Foi bem decepcionante dar de cara com uma torre sem saída depois de infinitos degraus. Depois de subir tudo aquilo, a única coisa que a esperava no final era uma janelinha cheia de grades e uma parede de pedras. Ao dar de cara com aquela cena deplorável, ela suspirou e sentou nos últimos degraus, e ali ficou. Não soube se por segundos, horas ou talvez o dia inteiro, mas seus pensamentos eram a única contagem que tinha. Chegou um momento em que eles já se repetiam, e foi nessa hora que decidiu que colocaria a máscara mais perfeita possível e faria o que havia ido ali fazer. Seu propósito momentâneo era cuidar de Boruto, então era aquilo que faria. Depois que isso fosse feito, iriam realizar a missão e mais uma e mais outra; quando chegasse o momento, ela seria Hokage e finalmente faria o que havia nascido e que morreria para fazer: ajudaria as pessoas ao seu redor. Cuidar do seu colega de time - porque era só isso que ele era - era o mais importante e apenas mais uma coisa que faria na vida, não é verdade?

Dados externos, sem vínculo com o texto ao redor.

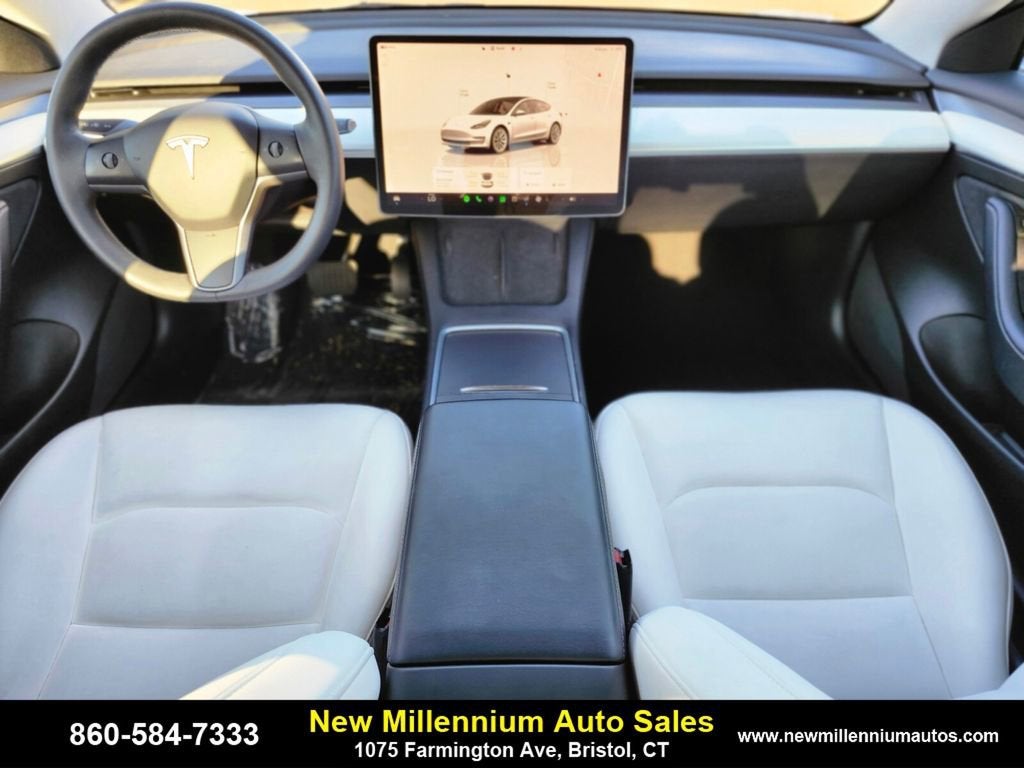 2022 Tesla Model 3 Long Range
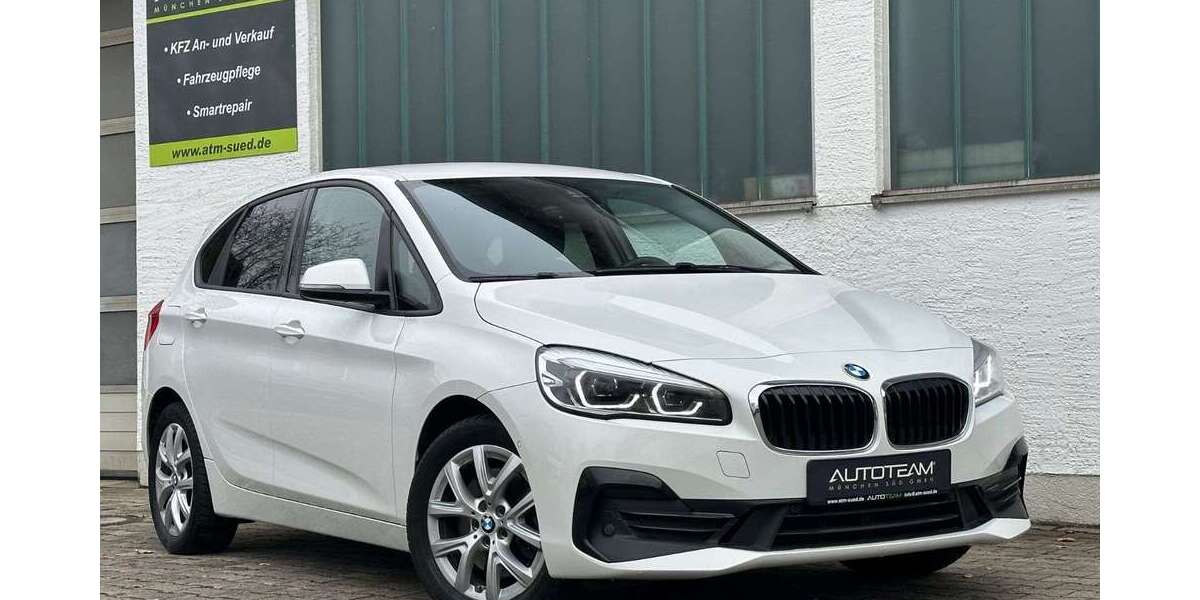 BMW 225 56.000 km 17.795 &euro; Egling 82544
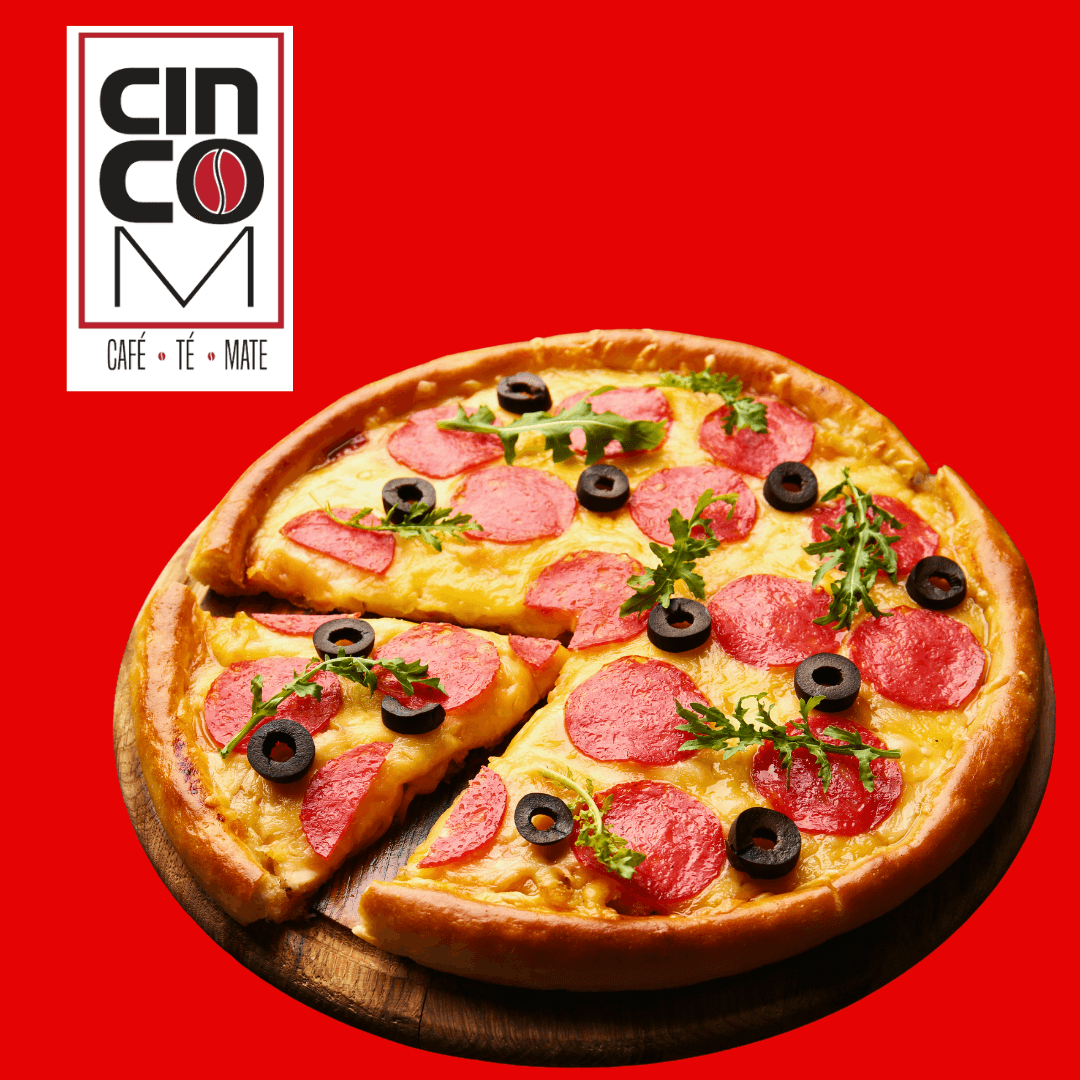 Pizza Personal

Se surpreendeu ao olhar para a janelinha que ficava às suas costas e ver que não havia mais sol lá fora, somente uma lua partida ao meio, mas quase toda encoberta pelas nuvens que pesavam de uma chuva que cairia logo.

Estava começando a ficar frio e a vontade de simplesmente correr para o quarto e se enrolar nas cobertas de pena do refinado castelo, e ali ficar, era maior que tudo. Teve que repetir muitas vezes o discurso que havia bolado momentos antes, ainda no topo da escada em que passara a tarde.  Sem contar a parte em que, assim como havia pensado que aconteceria, ela se perdera. No momento de raiva que a possuiu horas antes, havia cruzado corredores, pessoas e coisas que se repetiam aleatoriamente no trajeto de volta. Demorou mais tempo do que imaginava retornar ao saguão principal - mas àquelas alturas aceitaria nem que fosse qualquer lugar que reconhecesse. De toda forma, retornou ao próprio quarto antes de ir cumprir suas obrigações - malditas fossem.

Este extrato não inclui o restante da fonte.